In all cases, I started with the five water prefabs supplied with SW2. They use materials with a shader doing watery things.
The water looks fantastic, out of the box. Here’s the ocean prefab, with a cool submarine from the asset store.
I didn’t notice much of a difference with Opaque Texture off. Hooray!
I used the advanced rendering mode:
The docs say:
The advanced shading mode takes more liberty and focuses on high-end rendering. If water in your game is only something that’s viewed in the background, or viewed from a top-down perspective it will offer little benefit.
Since CK players go into the water, advanced seemed a better fit.
There are about a bazillion settings in SW 2. I don’t understand them all, and don’t have time to experiment with everyone, let alone their interactions. Sometimes, changing a setting (like wave speed multiplier) would mess things up.
I recommend picking one of the prefabs SW 2 supplies, and making as few changes as possible.
Sometimes, I got transition artifacts, like this:
This is from the toon prefab. Notice the sand is showing.
It seems the bigger the waves are, the more artifacts there are. When I set the waves low, the artifacts disappeared.

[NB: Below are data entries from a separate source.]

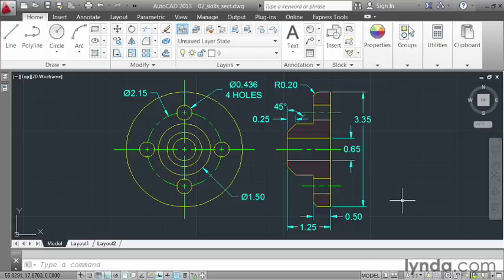I'd like you to start from an empty file and recreate everything in this drawing, except for the dimensions. Don't worry about those just yet.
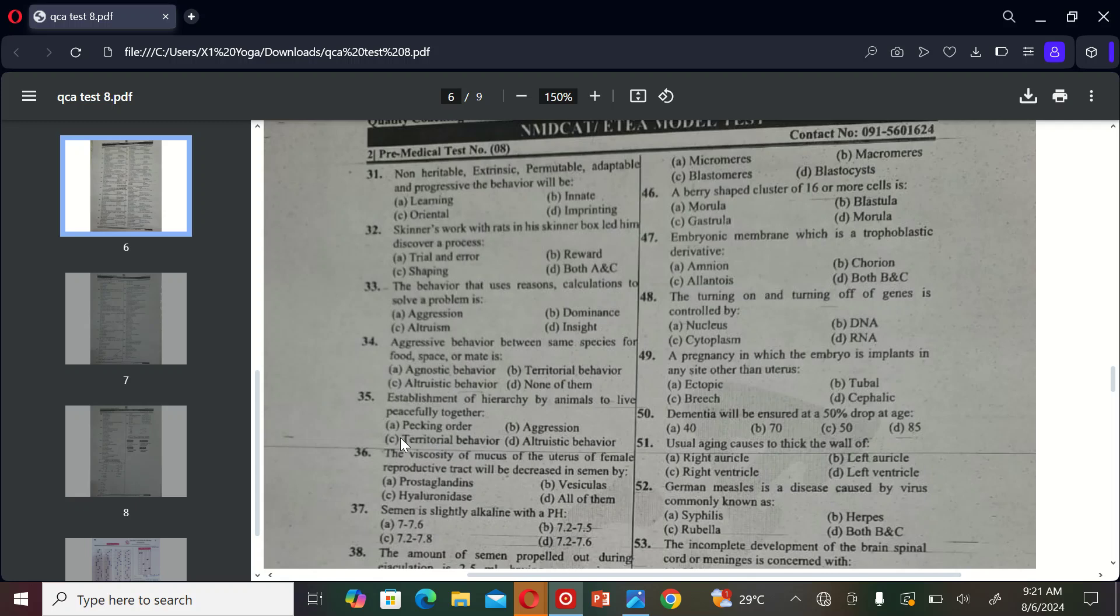The next term exercise is: the viscosity of mucus of the urethra of female reproductive tract will be decreased in semen by A) prostaglandin, B) vesiculase, C) hyaluronidase, and D) all of them. So the correct option is B.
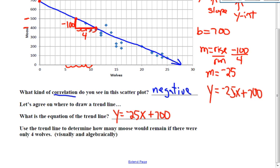So the next question says: use your trend line to determine how many moose would remain if there were only four wolves — visually first, and then algebraically. So first, we're going to use our trend line. I'm going to go up to four — this is four wolves — and I'm going to draw a dotted line up, and then over. That's approximately 590, or very close to 600. So according to my trend line, I'm going to say that it would be 600.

This isn’t a bit deal. Players don’t hang out in transition areas (I imagine). I’ve seen similar problems in AAA games. FarCry 6, for example, if I recall correctly, though maybe not.
Transitioning too soon
This is more of a concern. There are times when you can see the transition when you haven’t left the beach:
The slope of the beach seems to affect the issue. The beach above has a small slope. When beaches have a higher gradient, the issue is less pronounced, or goes away altogether. I could be wrong about the slope effect, though. That’s what I inferred from my messing around, but I may have the wrong end of the stick. (Is that still an expression?)
If the slope is indeed the culprit (damn your eyes, slope!), a solution in MicroVerse might be to:
- Duplicate the height stamp used to make your pit. Let’s call the original one Biggy, and the duplicate Smally.
- Make Smally slightly smaller on X and Z, but larger on Y. So Smally will have a sharper slope than Biggy.
- Make Biggy and Smally concentric.
- Size the SW2 prefab to cover Smally.
That might give you a relatively flat beach, then a sudden dropoff into the water where Biggy and Smally overlap. I haven’t tried this yet, so it might not work.
Stylized Water 2 (SW2) makes great-looking water. It’s convenient to use (mostly). SW2 will tell you about problems with your graphics setup, and offer to fix them when it can. SW2 works well when Opaque Texture is off.
The only usability issue I found is when I changed a copy of an SW 2 prefab, the original prefab changes are well. Though I might be doing something wrong.
I recommend picking a prefab for your game, and making as few changes as possible. There are so many settings that it’s easy to mess up the look.
For a third-person or top-down game, you may not need to make any adjustments. For a first-person game, you might need to use the beach trick above.